Requirement: The result should be an exact copy of only the lines from the one with "Bedroom with double" through the last line of the data below, with pictures omitted.
· · · ·
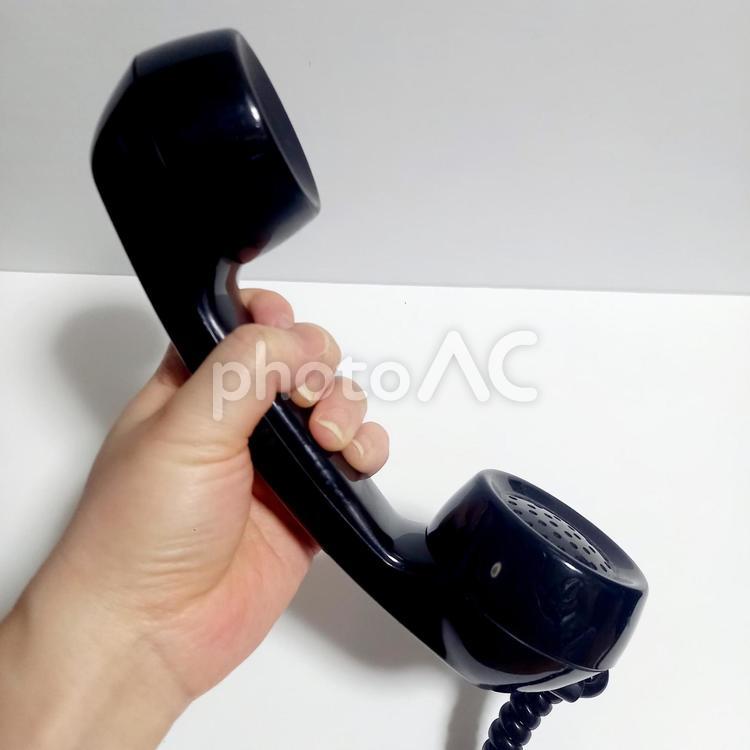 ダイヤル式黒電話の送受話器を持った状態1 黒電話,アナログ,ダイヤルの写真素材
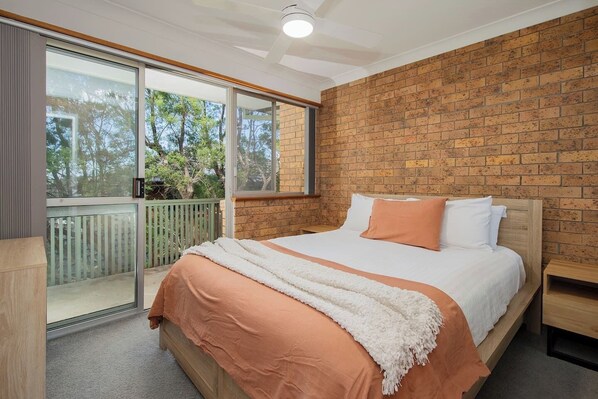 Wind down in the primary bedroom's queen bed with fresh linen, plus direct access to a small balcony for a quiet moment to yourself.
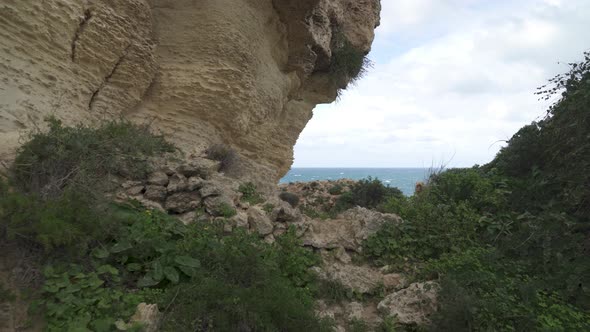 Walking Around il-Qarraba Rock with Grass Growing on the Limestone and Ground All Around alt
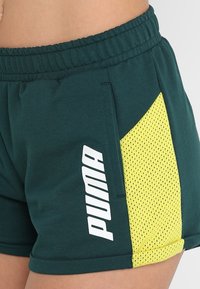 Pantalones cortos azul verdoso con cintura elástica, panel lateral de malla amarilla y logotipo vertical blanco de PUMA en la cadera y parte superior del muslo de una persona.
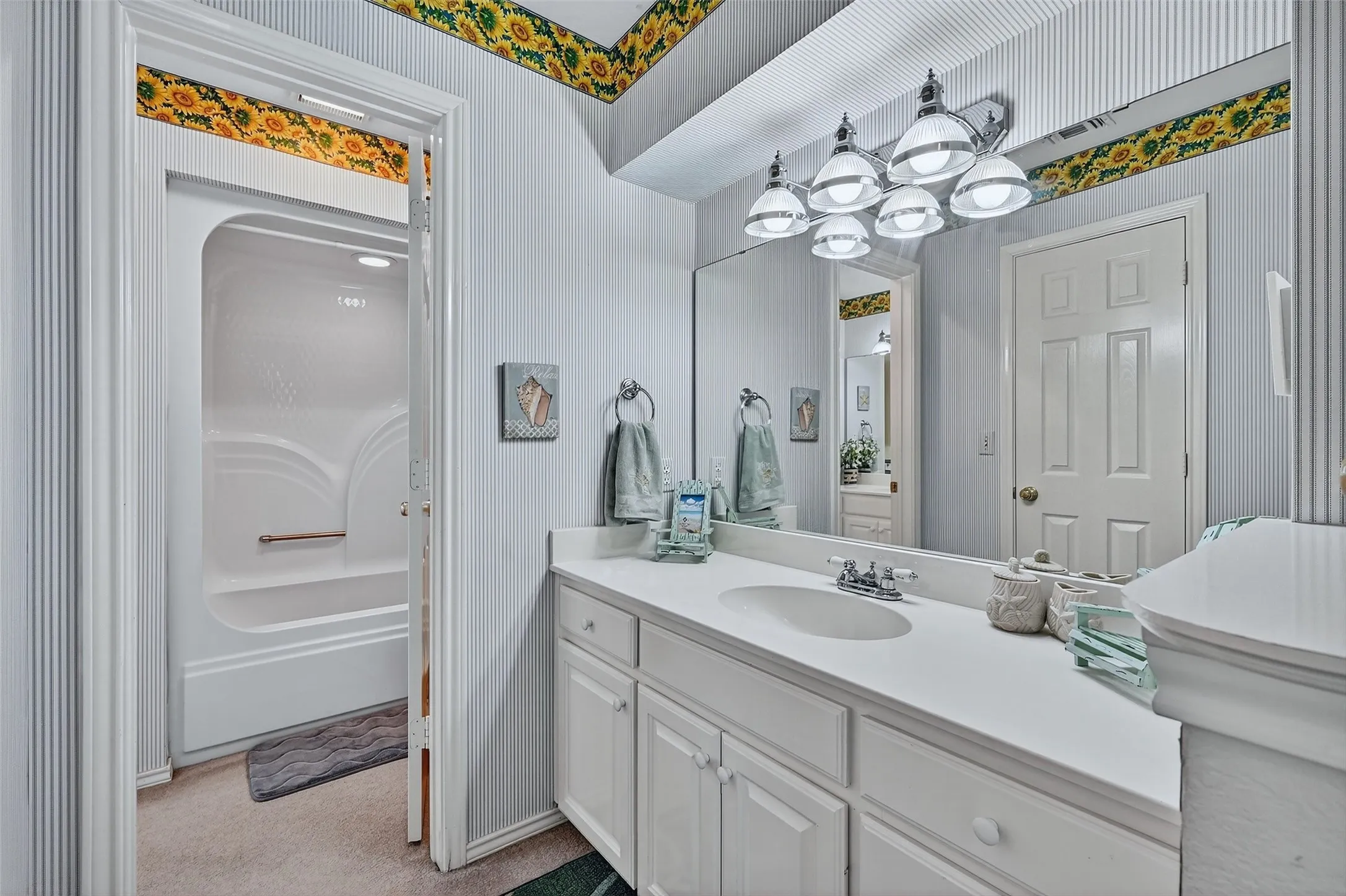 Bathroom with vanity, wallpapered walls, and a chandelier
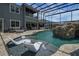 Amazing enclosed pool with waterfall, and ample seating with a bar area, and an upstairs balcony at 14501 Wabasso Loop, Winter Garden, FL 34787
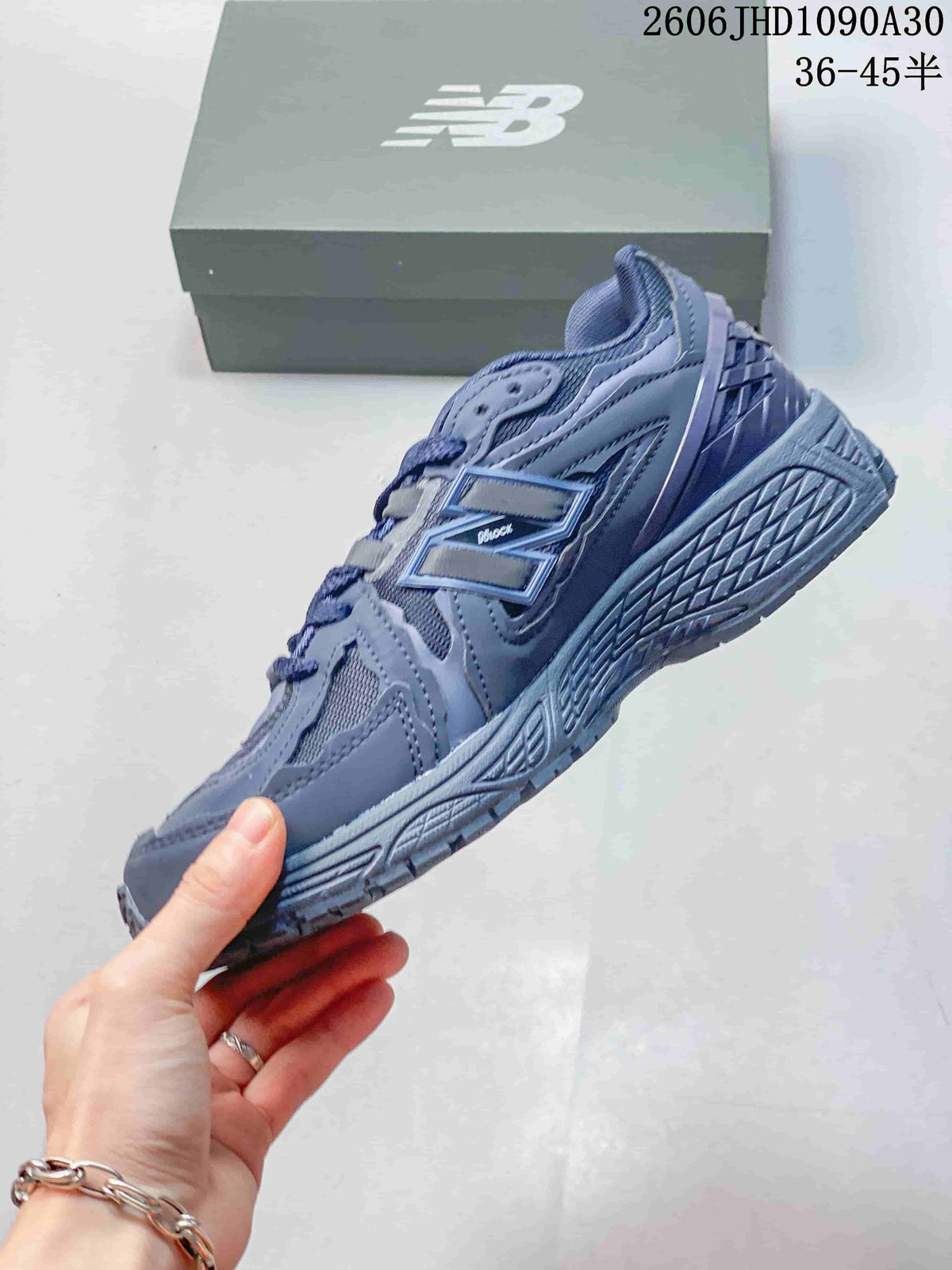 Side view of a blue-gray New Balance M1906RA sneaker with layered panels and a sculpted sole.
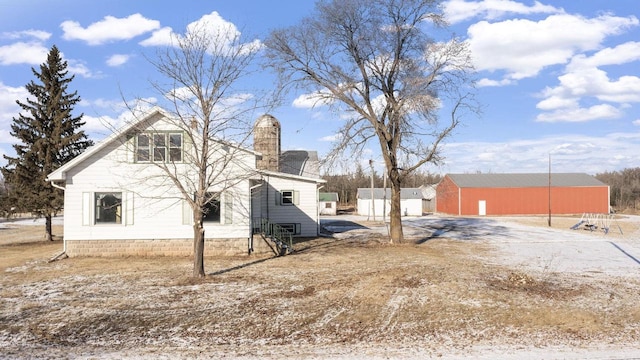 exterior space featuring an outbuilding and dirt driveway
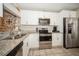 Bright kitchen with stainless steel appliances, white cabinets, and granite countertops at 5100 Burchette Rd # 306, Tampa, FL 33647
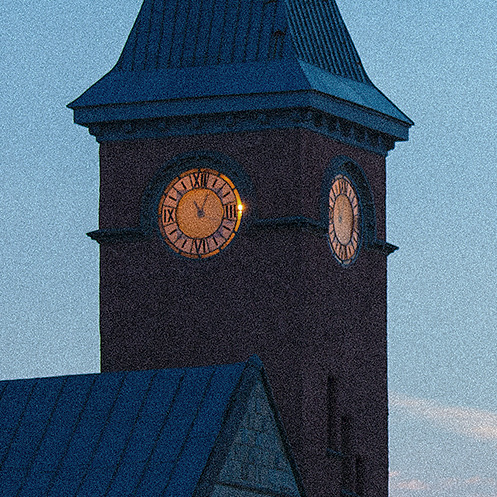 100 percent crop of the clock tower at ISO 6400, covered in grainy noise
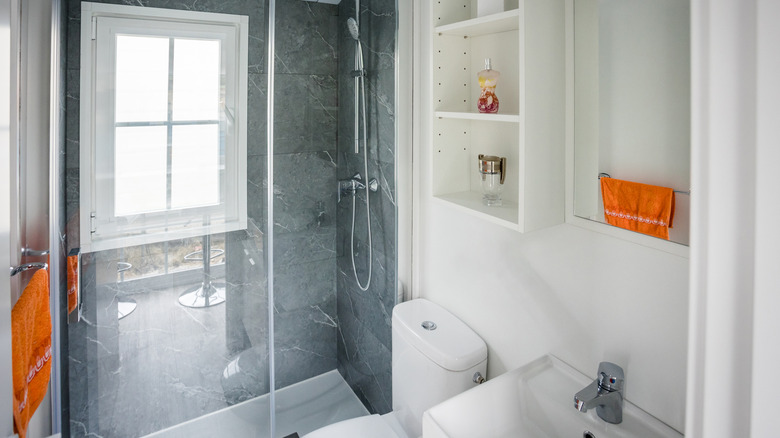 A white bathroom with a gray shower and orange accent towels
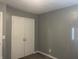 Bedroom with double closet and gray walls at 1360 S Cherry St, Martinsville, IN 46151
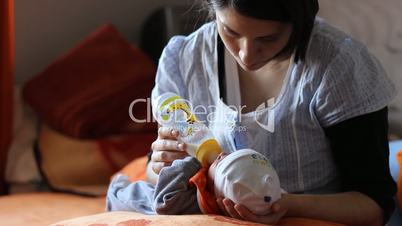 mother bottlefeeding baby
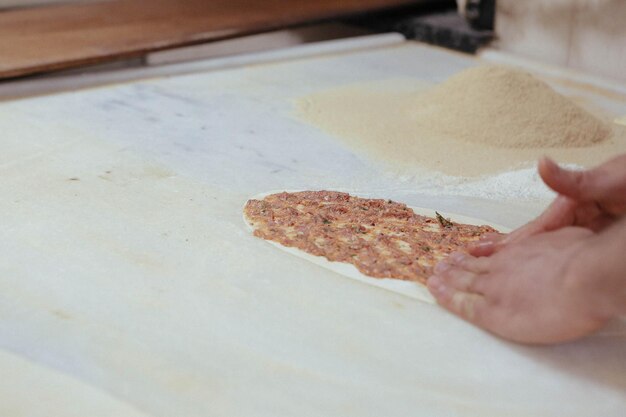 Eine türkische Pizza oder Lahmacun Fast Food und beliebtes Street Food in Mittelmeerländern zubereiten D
· · · ·
Final answer:
 Bedroom with double closet and gray walls at 1360 S Cherry St, Martinsville, IN 46151
 mother bottlefeeding baby
 Eine türkische Pizza oder Lahmacun Fast Food und beliebtes Street Food in Mittelmeerländern zubereiten D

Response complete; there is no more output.